A judgment of conviction previously had been entered for this offense on November 8, 1996, following the initial sentencing hearing. That judgment is not at issue in this appeal.
Reynolds also argues that the judge who sentenced him after revocation erred in basing the sentence on the "impermissible factor that he attacked his accuser's credibility at trial," and erroneously exercised discretion by: (1) ignoring the trial judge's "findings" regarding the severity of the offense; (2) basing the ten-year sentence on "unsupported and misleading representations that [he] was a serious re-offense risk"; and (3) placing undue emphasis on his failure to communicate with probation authorities, as an indicator of bad character. And Reynolds also argues that he received ineffective assistance of counsel who failed to raise some of these issues and confront some of these alleged misrepresentations at the sentencing after revocation.
Resolving the appeal on this basis obviates the need to address Reynolds' other arguments, some of which may come to be considered at his resentencing. See Gross v. Hoffman, 227 Wis. 296, 300, 277 N.W. 663 (1938) (only dispositive issue need be addressed).
The judgment roll states, "Defendant is to serve 1 year less 8 days in the House of Correction," but, as reflected in the transcript of the November 8, 1996 sentencing hearing, Judge Hansher actually stated:
The Court initially considered up to a year at the House of Correction.
What the Court is going to do is still impose some House of Correction time with work-release. The Court is going to make it six months House of Correction with work-release instead of a year.
The judgment roll error, repeated in the November 9, 1999 court memo prepared by Reynolds' probation agent for the sentencing after revocation, was noted by defense counsel; the memo's error was corrected by the sentencing-after-revocation court.
The State does not dispute Reynolds' characterization of the probation agent's memo as: (1) "merely a report on his monitoring Mr. Reynolds' file and his unfounded judgment that Mr. Reynolds should be punished severely for not complying with probation rules"; (2) "mak[ing] no reference to familiarity with the facts of trial or the earlier sentencing proceedings or documents"; and (3) "no substitute for a [presentence investigation report]."
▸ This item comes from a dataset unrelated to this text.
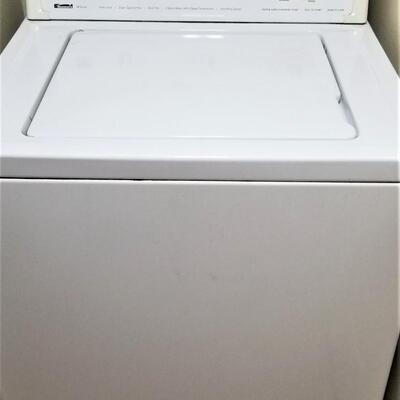 Lot #209  Kenmore 80 Series Washer & GE Large Capacity Gas Dryer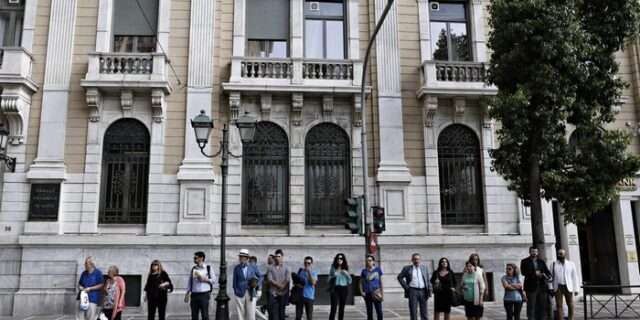 Αλλάζουν όλα στα πεντάμηνα για ανέργους. Τα 12 νέα προγράμματα για 104.000 προσλήψεις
We acknowledge, however, that because we are remanding for resentencing, Reynolds has the right to request judicial substitution. See Wis. Stat. § 971.20(7) (1999-2000) ("If an appellate court orders a new ... sentencing proceeding, a request [for substitution of judge] may he filed within 20 days after the filing of the remittitur by the appellate court, whether or not a request for substitution was made prior to the time the appeal was taken.").